Wildlife Tech Class of 2018
High School for Environmental Studies
Mentor: Chris Nagy (MRG)
Project: Using count (N-mixture) models to model habitat and socioeconomic factors as predictors of coyote site use in NYC
Project Status: Completed
Coyotes have now colonized several parks in the borough of the Bronx, the only mainland portion of NYC, and are poised to make their way onto Long Island. Researchers and managers are interested in finding patterns of habitat use that could be used to predict where coyotes will ultimately flourish in NYC and, eventually, Long Island. However, prior habitat modeling on the NYC population has failed to find any meaningful habitat-site occupancy patterns based on detection/nondetection data from camera traps. In this study, I analyzed the relationship between coyote photographs and potential habitat and socioeconomic explanatory variables using count based (N-mixture) models, where the number of coyote observations from a camera in a 4-week period was considered a discrete count. In this case, rather than estimating abundance, lambda was interpreted as an index of site use or use intensity and might provide a more granular measure of habitat suitability. Habitat and geographic variables I tested were canopy cover, forest, patch size, and total habitat Socioeconomic variables included vacancy, population density, housing density, and mean income.
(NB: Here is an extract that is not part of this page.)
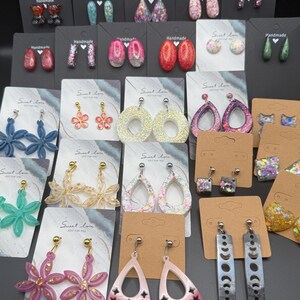 May include: A collection of various resin earrings displayed on individual cards. The assortment includes floral, teardrop, geometric, and moon phase shapes in diverse colors like pink, blue, green, and glitter finishes, all featuring metal earring posts.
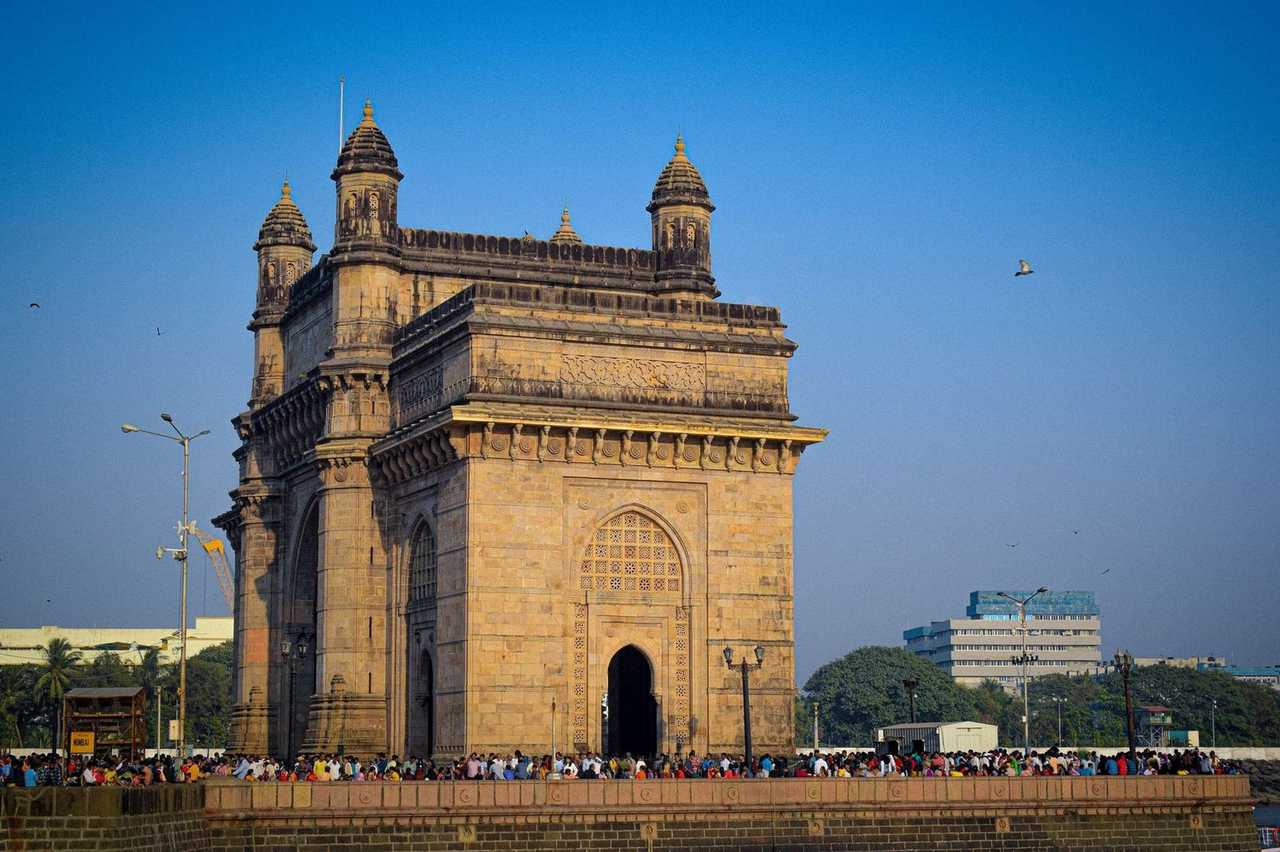 Gateway of India archway, Mumbai harbour edge, day, solid blue sky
I also included two categorical variables: “season” (pup-rearing” or “non-pup-rearing”) and “Bronx”. Overdispersion and variability of counts within and among sites were all high (c-hat = 1.55) leading to a wide range of site-specific detection histories without any clear correlations between estimated detection rate and any of the predictor variables. For use intensity, there was a strong positive correlation between use and the “Bronx” variable, where Bronx sites had much higher predicted use scores. Also, winter had higher use scores than summer overall. Model-averaged predictions indicated that of the sites tested, both the Bronx and Queens had suitable environments, and coyote use intensity depended primarily on accessibility on a landscape scale and not individual site quality.